Burkini sì, burkini no?

L’evergreen “liberté, égalité, fraternité” è in blackout. Si spengono le luci e si accende un concatenarsi di “occhio per occhio, dente per dente”, che coinvolge anche i costumi da bagno.

La prima a premere l’interruttore contro la nuova tendenza del burkini è stata la Costa Azzurra, capitanata dal sindaco di Cannes David Lisnard, a fronte dell’emergenza causata dall’ondata dei recenti attentati sul suolo francese.

Il divieto di utilizzare il particolare costume da bagno è attualmente in vigore a Beaulieu-sur-Mer, Cap d’Ail, Eze, Mandelieu-La Napoule, Mentone, Saint-Jean-Cap-Ferrat, Villefranche-sur-Mer, Villeneuve-Loubet, Saint-Laurent-du-Vare e Nizza, e si è presto allargato a macchia d’olio anche il polverone mediatico sotto ogni bandiera.

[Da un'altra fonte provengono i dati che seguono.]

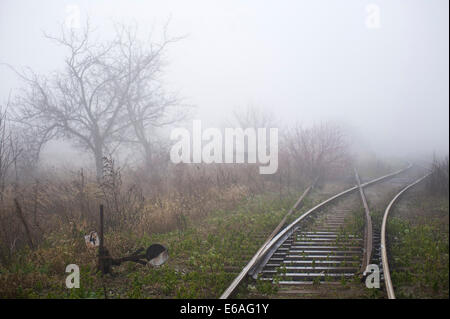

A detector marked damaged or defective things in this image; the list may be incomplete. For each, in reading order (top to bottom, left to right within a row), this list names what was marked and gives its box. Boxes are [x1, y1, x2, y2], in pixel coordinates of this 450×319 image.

Questo divieto non ha di certo aiutato ad alleviare la tensione tra la comunità musulmana e il resto della popolazione, così come la dichiarazione del primo ministro Manuel Valls secondo il quale il burkini sarebbe “fondamentalista”. Associazioni come quella contro l’islamofobia hanno già fatto ricorso per riappropriarsi della libertà di scelta.
La Francia potrebbe avere le sue buone ragioni, ma saranno altrettanto efficaci?

Forse bisognerebbe chiedersi come spingere le donne musulmane ad avvicinarsi ad una visione a 360° delle culture che le ospitano, senza però negare loro la libertà di scelta.

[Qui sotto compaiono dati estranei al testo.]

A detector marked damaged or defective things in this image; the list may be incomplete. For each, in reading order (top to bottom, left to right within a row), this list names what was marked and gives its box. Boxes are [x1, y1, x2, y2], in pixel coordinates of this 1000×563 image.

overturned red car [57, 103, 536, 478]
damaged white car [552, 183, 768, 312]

Quanto può incidere effettivamente il costume “scostumato” sulla sicurezza nazionale?

Quanto può prevalere il diritto a svestirsi su quello a coprirsi?

Quanto può il divieto prevenire dal fondamentalismo ai danni di un’integrazione fondata sul rispetto reciproco?

Burkini sì, burkini no?

Forse sì, forse no.

La risposta non l’abbiamo, forse perché non ci saremmo mai posti neppure la domanda.

La guerra è guerra e che la Francia ci sia dentro fino al collo è sotto gli occhi di tutti, ma un paese che si fa portabandiera di laicità come può mettere da parte i principi di libertà? Quella rappresentata proprio con il corpo di una donna a seno scoperto che alza al cielo la bandiera francese nel dipinto “La libertà che guida il popolo” di Eugène Delacroix del 1830, grazie all’allegoria della libertà che tutto può, persino svestire, sotto falso nome, la donna del lontano Ottocento.
Lo stesso principio di libertà potrebbe vestire oggi, nel 2016, le donne musulmane nelle spiagge francesi? Se il precetto religioso è per loro tollerabile, può una legge limitarne la libertà di espressione? Può quella portabandiera, l’indomabile libertà, essere “limitata” dal principio di laicità?